Bilan de conjoncture 2021 - Agreste Conjoncture n°3 - Février 2022

publié le 21 février 2022 (modifié le 7 mars 2022)

L’année 2021 est marquée par plusieurs épisodes climatiques violents, en particulier un gel qui frappe durement toute la région au cours de la deuxième semaine d’avril, causant d’important dégâts sur les vignes, les fruits, les cultures maraîchères, et les cultures de plein champ (cultures d’hiver). Les volumes des productions de la région sont donc très contrastés, entre baisses historiques pour les cultures touchées par le gel (vigne, fruits), et très net rebond pour les cultures de plein champ semées au printemps.

Sous l’effet de la reprise de la demande et du recul de certaines productions, les prix nationaux à la production augmentent (+ 7,5 % sur les dix premiers mois, après + 0,6 % en 2020) et accélèrent au second semestre 2021. Cette augmentation des prix ne compense pas tout à fait la hausse de 8,2 % au niveau national du prix des intrants (énergie, aliments et surtout engrais) sur les dix premiers mois de 2021.


Climatologie : Une succession d’épisodes climatiques violents

Plusieurs épisodes climatiques se succèdent en 2021. Le plus marquant est le gel de début avril. Toute la région est touchée dans la nuit du 7 au 8 avril. Cette première nuit dévastatrice est suivie d’autres épisodes de gel plus localisés de la 2ème à la 3ème semaine du mois d’avril : jusqu’à 15 nuits négatives sur certains secteurs, avec des températures très basses jusqu’à -6°C parfois.
A ces épisodes de gel s’ajoutent plusieurs épisodes de sècheresse. Le premier de ces épisodes touche le golfe du Lion dès le mois de janvier, et s’étend au reste de la région au mois de mars, entravant le développement des cultures jusqu’à la mi-mai. Le bassin Sud-Ouest connaît au cours de l’été une alternance de chaleur et d’humidité, qui favorise l’apparition de maladies. Sur le bassin Languedoc-Roussillon, la sécheresse d’août fait place en septembre à des pluies presque diluviennes. Le mois d’octobre est sec sur toute la région, à l’exception du Gard.


Grandes cultures : les cultures de printemps s’en sortent mieux que les cultures d’hiver

La sole 2020/2021 connaît de fortes variations par rapport à l’année précédente qui avait été marquée par de lourdes intempéries au moment des semis des céréales d’hiver.
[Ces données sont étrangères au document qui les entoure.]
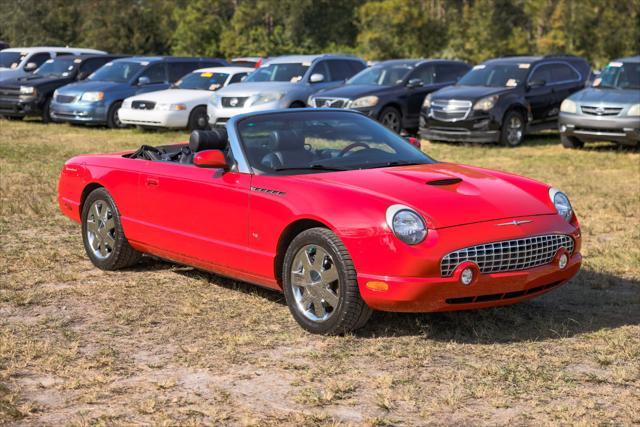 used 2003 Ford Thunderbird car, priced at $17,900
Les superficies retrouvent des niveaux proches de la normale. Cependant, cette campagne reste à nouveau perturbée par des épisodes climatiques inhabituels. Il en résulte une dichotomie entre les cultures d’hiver et celles de printemps. Les semis d’automne, impactés par de mauvaises conditions climatiques, connaissent des rendements au-dessous de la moyenne (jusqu’à -10% pour le blé tendre). Les semis de printemps, au contraire, bénéficient de la pluviométrie de juillet et obtiennent de bons voire très bons rendements (+11% par rapport à la moyenne et +18% par rapport à 2020).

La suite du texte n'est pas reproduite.